Already John has noted false prophets who have defected from the Christian community (1 Jn. 2:19). Therefore, in an effort to protect and correct, it is imperative that the Church proclaim the truths about the identity of Jesus Christ our Lord!

Note: John takes it for granted that believers actively engage the world of false belief. Moreover, John is confident that all of God’s people are capable of scrutinizing claims about Jesus’ identity (1 Jn. 2:20-23).

To Consider: We’re told to test the spirits regarding who Jesus is. Throughout the history of the Christian Church, however, a great deal of time has been spent upon testing one another on doctrinal differences rather than Christian essentials.

Now that you know these things . . .
Can your local church confidently say “In the essentials: unity, in the non-essentials: diversity, and in all things: charity?” When have you demonstrated unity in the essentials and asked someone what they understand about the identity of Jesus?

The Criterion for Testing (vv. 2-3)
Earlier, John urged that all must believe in the full deity of Jesus (1 Jn. 2:22). Now he says that belief in the full humanity of Jesus is equally important.

John states that the test is to acknowledge, confess, or admit that “Jesus Christ has come in the flesh.” John is not saying that “the Christ has come into the flesh of Jesus” like so many cults and New Age sects. As the full expression of God (Col. 2:9), Jesus of Nazareth was completely human, yet without sin (2 Cor. 5:21; Heb. 4:15).

The spirit of the antichrist refuses to accept the reality of Jesus’ identity as fully divine, fully human.

“Which you have heard:” Believers are duly informed and warned of false beliefs about Jesus. Therefore, there is no excuse for accepting error over truth. Just as John carries on the Apostolic tradition concerning who Jesus is, so the Church is responsible to proclaim, without compromise, the true nature of God’s Son.

The Character of Testing (vv. 4-6)
The spirit of the antichrist manifests in many false prophets (Note: “them” refers to the “many false prophets” in v. 1). This is no less true today than it was in the first century. Satan is still the father of lies (Jn. 8:44) and deception remains his primary strategy (Gen. 3:1).

“The one who is in you” could refer to God, Jesus, or the Spirit. John refers to the presence of all three in the believer’s life (God = 4:12-13, 15; Jesus = 3:24; Spirit = 2:20, 27). Our confession of Jesus as Lord is made possible by the Holy Spirit, which identifies us as God’s children (1 Cor. 12:3). God is “greater.” Satan’s power and influence is relative, whereas God’s power is absolute.

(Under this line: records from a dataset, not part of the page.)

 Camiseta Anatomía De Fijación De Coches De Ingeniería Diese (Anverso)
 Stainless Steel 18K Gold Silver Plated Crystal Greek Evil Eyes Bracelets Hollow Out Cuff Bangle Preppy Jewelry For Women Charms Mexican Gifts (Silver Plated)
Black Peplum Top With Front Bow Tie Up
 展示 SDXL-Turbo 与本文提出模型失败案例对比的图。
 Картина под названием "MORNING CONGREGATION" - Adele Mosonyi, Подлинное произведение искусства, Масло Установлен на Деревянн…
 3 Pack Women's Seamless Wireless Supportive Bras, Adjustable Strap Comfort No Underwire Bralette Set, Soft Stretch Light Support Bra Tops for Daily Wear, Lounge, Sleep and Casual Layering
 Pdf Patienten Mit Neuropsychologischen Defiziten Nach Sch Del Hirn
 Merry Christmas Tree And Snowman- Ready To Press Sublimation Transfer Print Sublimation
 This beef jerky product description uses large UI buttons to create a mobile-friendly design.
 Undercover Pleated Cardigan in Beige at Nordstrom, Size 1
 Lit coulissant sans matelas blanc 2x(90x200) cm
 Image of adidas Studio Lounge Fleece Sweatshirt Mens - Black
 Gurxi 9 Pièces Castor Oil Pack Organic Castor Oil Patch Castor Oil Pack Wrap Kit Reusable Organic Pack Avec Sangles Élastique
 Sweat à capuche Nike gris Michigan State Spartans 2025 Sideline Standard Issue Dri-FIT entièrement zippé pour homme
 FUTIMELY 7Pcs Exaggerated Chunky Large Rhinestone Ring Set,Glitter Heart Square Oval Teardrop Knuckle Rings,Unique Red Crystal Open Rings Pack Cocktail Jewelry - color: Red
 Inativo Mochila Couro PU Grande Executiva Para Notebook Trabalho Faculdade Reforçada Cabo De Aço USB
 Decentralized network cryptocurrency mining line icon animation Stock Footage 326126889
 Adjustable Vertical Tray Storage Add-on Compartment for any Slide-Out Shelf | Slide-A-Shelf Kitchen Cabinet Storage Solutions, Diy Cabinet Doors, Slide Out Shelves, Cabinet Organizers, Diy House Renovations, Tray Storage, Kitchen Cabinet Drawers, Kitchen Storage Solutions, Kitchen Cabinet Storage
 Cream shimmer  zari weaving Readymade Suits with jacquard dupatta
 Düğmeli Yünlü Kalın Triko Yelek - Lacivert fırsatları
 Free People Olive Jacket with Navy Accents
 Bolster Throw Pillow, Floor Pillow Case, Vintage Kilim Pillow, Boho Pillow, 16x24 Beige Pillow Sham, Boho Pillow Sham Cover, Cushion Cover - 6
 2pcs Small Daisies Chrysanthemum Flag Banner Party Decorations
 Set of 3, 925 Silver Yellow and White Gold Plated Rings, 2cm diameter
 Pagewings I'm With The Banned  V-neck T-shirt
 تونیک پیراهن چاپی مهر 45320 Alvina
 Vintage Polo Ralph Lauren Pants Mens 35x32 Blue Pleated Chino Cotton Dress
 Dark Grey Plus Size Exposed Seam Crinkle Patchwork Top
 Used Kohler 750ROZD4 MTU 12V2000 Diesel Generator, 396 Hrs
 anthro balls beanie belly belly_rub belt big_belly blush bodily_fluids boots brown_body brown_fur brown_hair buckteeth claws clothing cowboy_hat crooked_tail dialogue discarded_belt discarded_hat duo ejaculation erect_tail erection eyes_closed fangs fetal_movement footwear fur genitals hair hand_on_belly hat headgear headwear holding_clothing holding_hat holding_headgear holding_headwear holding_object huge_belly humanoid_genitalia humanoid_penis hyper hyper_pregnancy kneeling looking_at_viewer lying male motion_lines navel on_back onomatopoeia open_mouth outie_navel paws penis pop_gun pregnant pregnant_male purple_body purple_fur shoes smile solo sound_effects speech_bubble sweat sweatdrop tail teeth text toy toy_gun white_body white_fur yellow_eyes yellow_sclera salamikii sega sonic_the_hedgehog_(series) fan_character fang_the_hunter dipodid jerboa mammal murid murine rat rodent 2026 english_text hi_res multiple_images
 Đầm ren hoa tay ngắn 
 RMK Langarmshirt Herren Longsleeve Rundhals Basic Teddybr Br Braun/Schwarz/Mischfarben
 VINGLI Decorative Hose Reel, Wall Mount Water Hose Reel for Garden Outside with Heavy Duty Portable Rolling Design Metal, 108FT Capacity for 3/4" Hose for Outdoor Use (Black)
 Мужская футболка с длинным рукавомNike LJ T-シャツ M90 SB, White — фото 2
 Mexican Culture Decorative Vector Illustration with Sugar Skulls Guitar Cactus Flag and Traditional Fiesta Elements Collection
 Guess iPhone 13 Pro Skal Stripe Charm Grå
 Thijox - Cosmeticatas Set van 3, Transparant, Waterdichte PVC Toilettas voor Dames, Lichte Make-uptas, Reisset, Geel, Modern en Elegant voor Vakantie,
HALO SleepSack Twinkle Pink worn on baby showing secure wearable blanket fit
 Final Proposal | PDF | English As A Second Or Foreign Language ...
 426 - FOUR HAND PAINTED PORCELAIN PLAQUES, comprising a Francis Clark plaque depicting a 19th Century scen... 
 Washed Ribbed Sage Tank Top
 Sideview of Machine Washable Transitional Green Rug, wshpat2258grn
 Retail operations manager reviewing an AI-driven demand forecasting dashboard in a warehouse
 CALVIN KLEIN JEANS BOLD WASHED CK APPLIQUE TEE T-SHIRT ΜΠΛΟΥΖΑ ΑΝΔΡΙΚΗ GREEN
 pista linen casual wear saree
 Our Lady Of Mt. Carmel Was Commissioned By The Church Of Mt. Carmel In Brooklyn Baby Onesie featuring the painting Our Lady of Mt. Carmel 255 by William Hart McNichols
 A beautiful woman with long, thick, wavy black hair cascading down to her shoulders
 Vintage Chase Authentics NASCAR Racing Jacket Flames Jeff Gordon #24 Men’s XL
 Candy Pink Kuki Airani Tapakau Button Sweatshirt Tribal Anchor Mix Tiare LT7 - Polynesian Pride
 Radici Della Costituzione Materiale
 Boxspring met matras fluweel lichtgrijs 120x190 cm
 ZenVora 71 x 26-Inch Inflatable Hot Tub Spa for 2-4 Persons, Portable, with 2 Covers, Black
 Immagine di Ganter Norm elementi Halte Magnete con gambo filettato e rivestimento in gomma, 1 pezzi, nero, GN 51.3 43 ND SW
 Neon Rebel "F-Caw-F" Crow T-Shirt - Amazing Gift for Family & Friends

Despite the number of false prophets who reject the truth about Jesus, God is greater in power than all of them combined. Because our identity comes “from God,” we can experience God’s greatness in the midst of numerous adversaries (for demonstrations of victory, despite circumstances to the contrary, cf., 2 Kgs. 6:8-23; 2 Chron. 32:1-23).

John, again, divides the world of humanity. This division is marked by a fundamental antithesis between truth and falsehood. False prophets have an audience because they speak the world’s language. The character of the false prophets and that of the world are from the same common stock of unbelief.

Those who make the false claims are “from the world.” The world of unbelief eagerly embraces the message of the false prophets. Consequently, to reject God’s revelation of himself in Jesus (3:1) shows membership in the Devil’s family.

“This is how we recognize” is better translated “This is how we can distinguish.” Implicit in this statement is an admonition to draw lines between truth and error. There is no neutral ground for John when speaking about the essential identity of Jesus.

Christianity is not based upon subjective impression or mere personal opinion. It is grounded in the objective and definitive reality of God in Jesus. This doctrinal test is decisive and uncompromising. All who bear faithful witness to the identity of Jesus, as found in Scripture, are born of God demonstrating membership in his family.

John exhorts all believers to discern truth from error and reject worldliness that manifests in false claims about Jesus. The implications of right beliefs, however, are not far from John’s pastoral heart as he goes on to instruct the Church in practical love (4:7-21).